Rooting Lilacs from Cuttings is a wonderful way to propagate this Spring favorite. Heirloom varieties are the sweetest smelling but finding them in garden centers can be difficult.
Moving? Rooting Lilacs from cuttings is a sure way to take your beloved Lilacs with you to your new home.
May is typically when my neighborhood is filled with the scent of Lilacs. You know Spring has arrived in White Pines when everywhere you walk smells so sweet. It is one of my favorite things about living here. The lilacs filling the yards and gardens here are all mostly heirloom varieties planted back in the 40’s. White Pines was established for the workers of the old lumber mill. Highly fragrant and tough as nails, even the abandoned lilacs are performing with no irrigating or tending.
Tough, reliable plants are the best foundation for any garden.
Just so you know, you can also propagate Lilacs from Suckers! It is a faster way to get a blooming plant and I feel, is even easier than cuttings.
(For my latest method that works on a windowsill check out this post: ROOTING ROSES, it will work for the lilacs too!)
Garden Safe Take Root (some of I have used in the past and did fine with)
Old wine crate or DIY WOOD CRATE
Peat Moss (I at one time used Coconut coir but have reverted back to peat moss after having some issues with the coir)
10 Gal.
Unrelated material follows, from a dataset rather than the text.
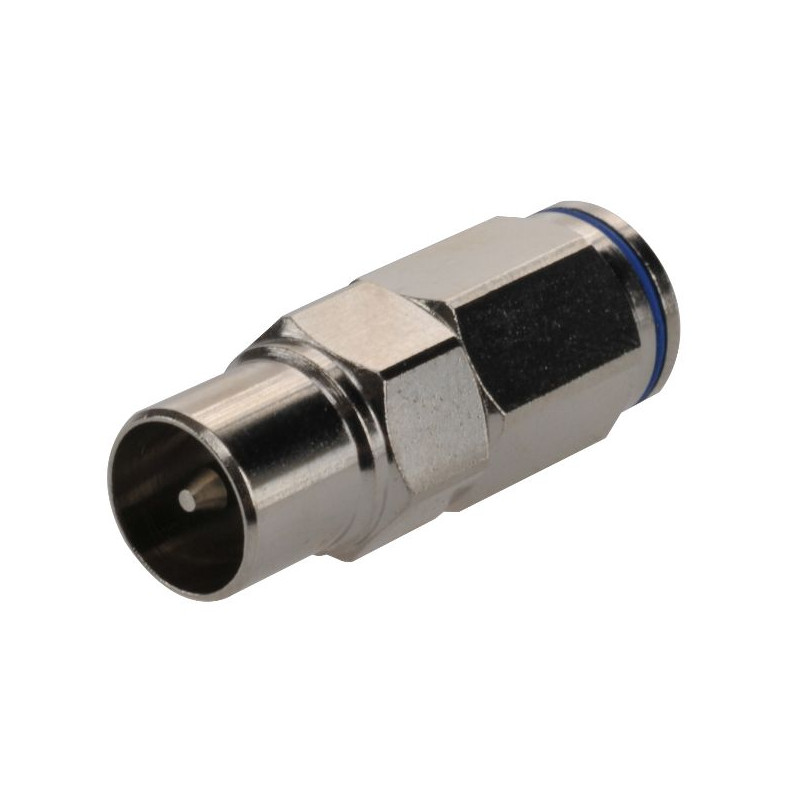 ELBAC Fiche coaxiale - 969217K05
Fish Tank (I found mine at Wal-Mart)
Prepare Container for Lilac cuttings
First I prepare my propagation box.
I fill it with my own mixture of 2 parts compost (I get this from a local company that composts garden debris on a huge scale, it is similar to potting soil you buy at a garden center), 1 part perlite and 1 part sand or peat moss. (I am sure there are better mixtures but I used what I had on hand and I have had success with this in the past).
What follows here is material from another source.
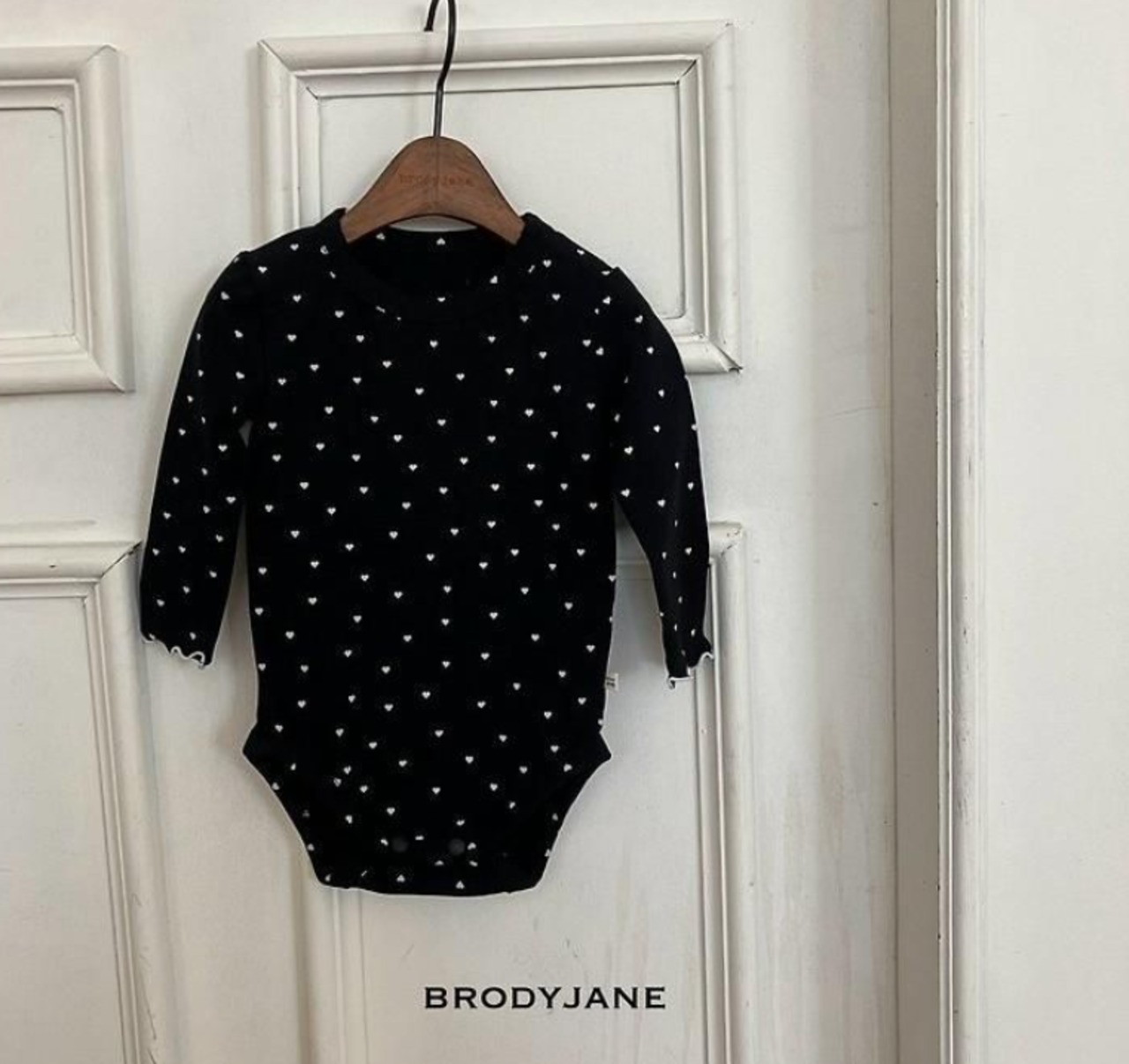【取寄/韓国直送】Brodyjane ラビ―スーツ｜秋服｜ベビー服｜韓国子供服｜26/AT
The crate has slats on the bottom but there are wide gaps between the slats so this drains very well.
I have it sitting on the gravel floor of my greenhouse in an area that direct sunlight will not hit but it still gets plenty of bright light.
I will fill the box more with my potting mix until it is nearly full.
Cover for Humidity
These fish tanks come in handy in creating a mini greenhouse effect while being tall enough for longer cuttings. They last for years if proper care is taken.
When & How to Take Lilac Cuttings
Choose new growth just after the Lilacs is done blooming. This varies by your growing Zone. For me that is June. Cut a branch about 8 to 12 inches long.
Take plenty of cuttings, there is about a 50/50 success rate so the more you try to start the more chance of success.
How to Prepare Lilac Cuttings
I haul them all to my potting bench and begin.
If the cutting is 8 inches I leave it that long, if it is 12 inches I cut it in half. Strip most of the leaves from the cutting.
Coat the ends into the rooting medium aka cloning Gel.
I use a small paint brush to cover the length of stem that will be under the growing medium.
Below you can see nodes on the stem, that is where roots begin and you want a good portion of nodes below the soil line. You want to try and get at least 3 nodes under the soil line.
You may have noted some of these are also rose cuttings. I like to fill up my box when I am doing cuttings.
Once they are all dipped in the cloning gel sink them down into the potting soil mixture. First use a dauber (a pencil works well) to create a hole to slide the cuttings down into the soil without removing the cloning gel.
I place them far enough apart they do not touch each other and away from the edges so they will not touch the glass of the cover.
I should take off more leaves, the leaves tend to be where the fungus starts but for photo purposes I will leave them on, easier to see where the cuttings are.
After placing all the cuttings in the box I carefully set the cover over them.
Note there is s space around the fish tank where potting soil shows. That is how to water without lifting the tank. You want to keep the soil moist but not too wet. You shouldn’t need to water often. The tank cover will keep the soil moist for long periods of time.
Put something under the tank edge to prop it up half an inch or so for air flow. I use a small flat stone, nothing fancy.
How long for Lilacs to Root?
You should have roots in one to two months. You can leave newly rooted cuttings in place to develop further or you can pot up into individual pots to grow on. I let mine grow in pots until firmly established and hardy enough to take the rigors of garden life.
How long before Lilac cuttings will bloom?
Lilacs can take three years or more to bloom from cuttings. Want faster bloom then visit How to Propagate Lilacs from Suckers and get a larger plant faster!
Before you know it you will be picking beautiful bouquets like this one.
And create heavenly scented displays for your home.